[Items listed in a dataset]

⁂

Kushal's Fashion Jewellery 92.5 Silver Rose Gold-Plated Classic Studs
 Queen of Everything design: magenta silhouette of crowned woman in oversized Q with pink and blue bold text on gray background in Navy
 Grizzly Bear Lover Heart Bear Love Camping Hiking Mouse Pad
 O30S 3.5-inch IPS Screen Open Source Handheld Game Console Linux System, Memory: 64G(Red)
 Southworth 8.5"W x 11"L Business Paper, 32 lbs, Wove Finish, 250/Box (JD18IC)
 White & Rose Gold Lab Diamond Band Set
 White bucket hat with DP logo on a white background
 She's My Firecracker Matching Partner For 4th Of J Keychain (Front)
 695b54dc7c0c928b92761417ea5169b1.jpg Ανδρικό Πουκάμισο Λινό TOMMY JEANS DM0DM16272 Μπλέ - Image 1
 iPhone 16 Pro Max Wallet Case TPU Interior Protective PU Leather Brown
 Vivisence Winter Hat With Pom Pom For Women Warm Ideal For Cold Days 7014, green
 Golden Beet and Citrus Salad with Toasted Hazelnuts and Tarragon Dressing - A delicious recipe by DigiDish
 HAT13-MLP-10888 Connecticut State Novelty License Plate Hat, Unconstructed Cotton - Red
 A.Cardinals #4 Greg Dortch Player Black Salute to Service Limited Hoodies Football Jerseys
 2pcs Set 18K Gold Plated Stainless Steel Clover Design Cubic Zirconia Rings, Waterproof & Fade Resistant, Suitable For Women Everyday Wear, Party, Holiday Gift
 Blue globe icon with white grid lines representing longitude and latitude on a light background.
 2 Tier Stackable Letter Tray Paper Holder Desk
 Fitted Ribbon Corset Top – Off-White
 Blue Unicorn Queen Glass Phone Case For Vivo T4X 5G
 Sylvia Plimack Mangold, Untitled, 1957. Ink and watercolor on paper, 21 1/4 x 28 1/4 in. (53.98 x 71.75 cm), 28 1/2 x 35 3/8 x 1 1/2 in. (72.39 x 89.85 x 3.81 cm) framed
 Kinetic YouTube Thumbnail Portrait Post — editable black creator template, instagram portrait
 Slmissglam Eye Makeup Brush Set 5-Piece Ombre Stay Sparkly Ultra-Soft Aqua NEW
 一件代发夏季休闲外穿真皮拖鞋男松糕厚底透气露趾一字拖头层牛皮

⁂

What the exercise asks: Copy out every record above exactly as written.

Your solution:
Kushal's Fashion Jewellery 92.5 Silver Rose Gold-Plated Classic Studs
 Queen of Everything design: magenta silhouette of crowned woman in oversized Q with pink and blue bold text on gray background in Navy
 Grizzly Bear Lover Heart Bear Love Camping Hiking Mouse Pad
 O30S 3.5-inch IPS Screen Open Source Handheld Game Console Linux System, Memory: 64G(Red)
 Southworth 8.5"W x 11"L Business Paper, 32 lbs, Wove Finish, 250/Box (JD18IC)
 White & Rose Gold Lab Diamond Band Set
 White bucket hat with DP logo on a white background
 She's My Firecracker Matching Partner For 4th Of J Keychain (Front)
 695b54dc7c0c928b92761417ea5169b1.jpg Ανδρικό Πουκάμισο Λινό TOMMY JEANS DM0DM16272 Μπλέ - Image 1
 iPhone 16 Pro Max Wallet Case TPU Interior Protective PU Leather Brown
 Vivisence Winter Hat With Pom Pom For Women Warm Ideal For Cold Days 7014, green
 Golden Beet and Citrus Salad with Toasted Hazelnuts and Tarragon Dressing - A delicious recipe by DigiDish
 HAT13-MLP-10888 Connecticut State Novelty License Plate Hat, Unconstructed Cotton - Red
 A.Cardinals #4 Greg Dortch Player Black Salute to Service Limited Hoodies Football Jerseys
 2pcs Set 18K Gold Plated Stainless Steel Clover Design Cubic Zirconia Rings, Waterproof & Fade Resistant, Suitable For Women Everyday Wear, Party, Holiday Gift
 Blue globe icon with white grid lines representing longitude and latitude on a light background.
 2 Tier Stackable Letter Tray Paper Holder Desk
 Fitted Ribbon Corset Top – Off-White
 Blue Unicorn Queen Glass Phone Case For Vivo T4X 5G
 Sylvia Plimack Mangold, Untitled, 1957. Ink and watercolor on paper, 21 1/4 x 28 1/4 in. (53.98 x 71.75 cm), 28 1/2 x 35 3/8 x 1 1/2 in. (72.39 x 89.85 x 3.81 cm) framed
 Kinetic YouTube Thumbnail Portrait Post — editable black creator template, instagram portrait
 Slmissglam Eye Makeup Brush Set 5-Piece Ombre Stay Sparkly Ultra-Soft Aqua NEW
 一件代发夏季休闲外穿真皮拖鞋男松糕厚底透气露趾一字拖头层牛皮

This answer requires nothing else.